Final Report

This document summarises outcomes from the Digital Coast Community of Practice (January – June 2017), including the vision of the Digital Coast (DC) platform as established through the series of meetings, workshops and follow up communications. It also sets out a number of “no regret” activities, each activity delivering a valuable product by itself but also contributing to the DC platform. The report also recommends establishing a DC committee that would take over the terminated DC CoP to plan and oversee development of the DC platform. One of the functions of the DC committee would be to seek funding opportunities. This committee would also establish a recurrent forum for both IT experts and researchers/managers with a limited background in IT to discuss and share recent advances in this area relevant to O&A and collaborators.

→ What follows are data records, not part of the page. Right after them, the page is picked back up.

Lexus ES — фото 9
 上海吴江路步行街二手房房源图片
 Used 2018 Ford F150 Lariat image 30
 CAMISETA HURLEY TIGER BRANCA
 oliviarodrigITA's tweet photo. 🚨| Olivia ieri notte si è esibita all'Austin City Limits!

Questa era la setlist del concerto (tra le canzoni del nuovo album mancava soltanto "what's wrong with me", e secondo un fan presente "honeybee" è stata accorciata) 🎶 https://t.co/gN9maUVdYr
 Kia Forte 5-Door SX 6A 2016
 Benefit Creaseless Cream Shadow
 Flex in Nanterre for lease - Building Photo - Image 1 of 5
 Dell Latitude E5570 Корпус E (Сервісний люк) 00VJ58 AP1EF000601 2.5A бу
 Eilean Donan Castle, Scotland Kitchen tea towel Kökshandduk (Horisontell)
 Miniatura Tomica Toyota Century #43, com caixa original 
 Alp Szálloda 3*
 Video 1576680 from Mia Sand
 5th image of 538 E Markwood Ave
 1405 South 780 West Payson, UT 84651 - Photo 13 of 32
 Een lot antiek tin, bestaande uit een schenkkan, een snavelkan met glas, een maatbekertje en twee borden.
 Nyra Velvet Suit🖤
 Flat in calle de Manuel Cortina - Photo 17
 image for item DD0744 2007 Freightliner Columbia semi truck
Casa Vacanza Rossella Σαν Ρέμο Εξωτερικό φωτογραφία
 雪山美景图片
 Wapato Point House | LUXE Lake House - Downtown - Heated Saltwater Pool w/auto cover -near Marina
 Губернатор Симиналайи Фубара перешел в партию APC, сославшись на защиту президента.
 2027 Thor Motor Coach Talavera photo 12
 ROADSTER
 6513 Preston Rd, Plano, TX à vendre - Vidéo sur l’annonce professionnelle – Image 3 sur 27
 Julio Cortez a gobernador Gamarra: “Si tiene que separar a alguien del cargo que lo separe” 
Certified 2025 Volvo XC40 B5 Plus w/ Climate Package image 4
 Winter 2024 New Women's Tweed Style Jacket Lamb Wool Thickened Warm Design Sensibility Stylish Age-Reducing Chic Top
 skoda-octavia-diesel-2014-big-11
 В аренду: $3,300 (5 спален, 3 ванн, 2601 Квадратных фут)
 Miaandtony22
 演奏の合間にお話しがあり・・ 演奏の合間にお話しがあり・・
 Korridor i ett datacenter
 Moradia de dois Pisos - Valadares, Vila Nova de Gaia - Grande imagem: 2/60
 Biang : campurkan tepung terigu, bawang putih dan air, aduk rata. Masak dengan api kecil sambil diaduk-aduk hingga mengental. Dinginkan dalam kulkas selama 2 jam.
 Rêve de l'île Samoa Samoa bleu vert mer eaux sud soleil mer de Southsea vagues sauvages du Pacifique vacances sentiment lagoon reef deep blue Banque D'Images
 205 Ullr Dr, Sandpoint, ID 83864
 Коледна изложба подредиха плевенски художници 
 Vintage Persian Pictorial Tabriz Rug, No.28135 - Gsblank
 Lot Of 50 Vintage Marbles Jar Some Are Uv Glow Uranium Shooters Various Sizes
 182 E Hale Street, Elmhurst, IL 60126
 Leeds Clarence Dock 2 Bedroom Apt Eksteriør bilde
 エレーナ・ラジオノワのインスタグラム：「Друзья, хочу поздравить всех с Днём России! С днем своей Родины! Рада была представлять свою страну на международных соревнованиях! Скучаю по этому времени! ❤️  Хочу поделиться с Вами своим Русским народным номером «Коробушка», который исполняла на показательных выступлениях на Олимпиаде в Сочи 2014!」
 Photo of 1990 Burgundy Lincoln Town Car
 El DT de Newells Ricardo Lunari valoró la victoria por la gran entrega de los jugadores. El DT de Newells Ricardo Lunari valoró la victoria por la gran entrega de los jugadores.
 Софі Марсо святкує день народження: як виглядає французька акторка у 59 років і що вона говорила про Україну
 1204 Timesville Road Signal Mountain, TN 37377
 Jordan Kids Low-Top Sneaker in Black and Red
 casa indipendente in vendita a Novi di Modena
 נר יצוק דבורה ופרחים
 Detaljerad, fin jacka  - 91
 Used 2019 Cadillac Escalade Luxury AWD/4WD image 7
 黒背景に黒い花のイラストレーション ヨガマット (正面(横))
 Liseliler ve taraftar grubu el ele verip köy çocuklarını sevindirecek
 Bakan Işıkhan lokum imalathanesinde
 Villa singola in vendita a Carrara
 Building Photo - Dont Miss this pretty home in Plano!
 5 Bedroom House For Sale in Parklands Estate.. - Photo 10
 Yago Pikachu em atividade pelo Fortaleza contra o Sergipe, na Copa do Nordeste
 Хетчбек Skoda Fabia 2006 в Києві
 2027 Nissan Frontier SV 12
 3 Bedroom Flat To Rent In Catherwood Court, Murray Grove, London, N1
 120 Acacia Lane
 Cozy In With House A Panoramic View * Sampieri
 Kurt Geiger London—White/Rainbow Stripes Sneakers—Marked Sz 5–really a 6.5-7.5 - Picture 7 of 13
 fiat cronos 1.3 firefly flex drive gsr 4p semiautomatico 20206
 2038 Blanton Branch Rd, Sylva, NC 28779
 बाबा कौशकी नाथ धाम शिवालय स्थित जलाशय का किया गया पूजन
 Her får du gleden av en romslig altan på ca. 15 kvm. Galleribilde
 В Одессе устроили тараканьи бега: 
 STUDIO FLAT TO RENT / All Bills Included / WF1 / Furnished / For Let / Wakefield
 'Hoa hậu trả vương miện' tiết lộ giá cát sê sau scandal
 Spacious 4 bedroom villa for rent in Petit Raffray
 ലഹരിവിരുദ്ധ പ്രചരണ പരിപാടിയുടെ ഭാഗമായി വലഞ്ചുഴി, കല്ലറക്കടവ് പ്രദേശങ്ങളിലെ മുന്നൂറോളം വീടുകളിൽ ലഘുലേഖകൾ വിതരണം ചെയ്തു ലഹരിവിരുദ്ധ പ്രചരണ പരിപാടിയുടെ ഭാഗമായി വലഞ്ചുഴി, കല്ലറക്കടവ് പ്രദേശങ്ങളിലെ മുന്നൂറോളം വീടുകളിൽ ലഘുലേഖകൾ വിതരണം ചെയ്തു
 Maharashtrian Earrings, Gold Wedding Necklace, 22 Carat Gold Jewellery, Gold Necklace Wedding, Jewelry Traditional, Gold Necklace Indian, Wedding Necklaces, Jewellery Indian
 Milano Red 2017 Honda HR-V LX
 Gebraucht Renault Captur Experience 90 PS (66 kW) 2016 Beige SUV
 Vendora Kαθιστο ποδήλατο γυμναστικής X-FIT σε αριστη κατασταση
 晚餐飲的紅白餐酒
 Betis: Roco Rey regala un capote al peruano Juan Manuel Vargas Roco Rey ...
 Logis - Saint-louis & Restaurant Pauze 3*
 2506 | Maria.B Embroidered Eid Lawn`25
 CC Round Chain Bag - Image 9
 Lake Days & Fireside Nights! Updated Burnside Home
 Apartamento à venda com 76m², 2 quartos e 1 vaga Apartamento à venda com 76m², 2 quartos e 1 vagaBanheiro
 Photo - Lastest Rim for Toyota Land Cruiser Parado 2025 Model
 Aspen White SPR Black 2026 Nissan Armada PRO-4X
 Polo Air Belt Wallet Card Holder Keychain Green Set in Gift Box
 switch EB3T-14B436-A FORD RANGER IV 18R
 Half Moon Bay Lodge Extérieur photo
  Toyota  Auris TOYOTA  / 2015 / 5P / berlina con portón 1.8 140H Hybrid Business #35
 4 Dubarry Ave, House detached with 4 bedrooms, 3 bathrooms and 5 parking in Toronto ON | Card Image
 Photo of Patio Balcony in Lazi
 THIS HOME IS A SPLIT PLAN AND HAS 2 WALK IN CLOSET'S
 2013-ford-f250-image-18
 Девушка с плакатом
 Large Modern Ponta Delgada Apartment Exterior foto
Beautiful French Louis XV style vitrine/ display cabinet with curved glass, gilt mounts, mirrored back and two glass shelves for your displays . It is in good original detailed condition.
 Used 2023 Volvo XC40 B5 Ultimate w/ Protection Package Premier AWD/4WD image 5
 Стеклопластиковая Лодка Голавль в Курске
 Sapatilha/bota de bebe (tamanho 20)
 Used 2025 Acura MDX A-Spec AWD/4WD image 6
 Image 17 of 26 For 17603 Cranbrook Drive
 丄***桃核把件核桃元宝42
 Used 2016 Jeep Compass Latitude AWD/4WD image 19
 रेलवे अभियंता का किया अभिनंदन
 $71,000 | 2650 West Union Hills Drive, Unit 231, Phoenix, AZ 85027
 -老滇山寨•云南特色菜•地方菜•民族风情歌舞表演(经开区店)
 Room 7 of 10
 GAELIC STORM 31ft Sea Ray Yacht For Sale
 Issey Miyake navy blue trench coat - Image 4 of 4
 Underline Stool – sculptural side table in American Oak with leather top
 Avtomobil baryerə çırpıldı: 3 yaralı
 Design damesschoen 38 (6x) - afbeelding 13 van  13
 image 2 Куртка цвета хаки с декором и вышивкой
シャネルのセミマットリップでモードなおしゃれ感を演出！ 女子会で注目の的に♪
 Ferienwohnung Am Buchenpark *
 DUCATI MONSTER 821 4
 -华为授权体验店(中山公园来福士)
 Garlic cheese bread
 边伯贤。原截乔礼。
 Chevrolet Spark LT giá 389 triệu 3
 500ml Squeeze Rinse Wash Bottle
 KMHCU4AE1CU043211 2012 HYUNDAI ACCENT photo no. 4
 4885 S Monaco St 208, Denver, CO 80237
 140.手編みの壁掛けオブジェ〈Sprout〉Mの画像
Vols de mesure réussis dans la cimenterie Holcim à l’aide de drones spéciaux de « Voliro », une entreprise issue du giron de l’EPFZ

Launch Camp and DC workshops

The goal of the DC CoP was to review the state of the art and flesh out the vision of an e-infrastructure for real-time modelling and observational products. To this end a two days meeting funded by O&A Capability Development Fund (CDF) has been carried out in April 2017. This CDF meeting was preceded by the Launch Camp workshop in March 2017 (attended by Farhan Rizwi, Sharon Tickell, Uwe Rosebrock, Mark Baird, Mike Herzfeld, Gary Carroll, Dan Wild, Nugzar Margvelashvili). The Launch Camp was funded separately from the CDF meeting and was shared with several other teams, each team focused on its own project. One of the goals of the Launch Camp was to road test ideas relating to the DC prior to the CDF meeting.

The Launch Camp was a good opportunity to test and validate business and marketing ideas at early stage of the DC (for example, members of our group were encouraged to identify and approach potential users of the DC to seek further insights into the product). The meeting also highlighted communication barriers between experts from different domains. Even within a relatively small team of modellers and software engineers, after 2 days of deliberations, we were unable to converge on a shared vision of the DC platform.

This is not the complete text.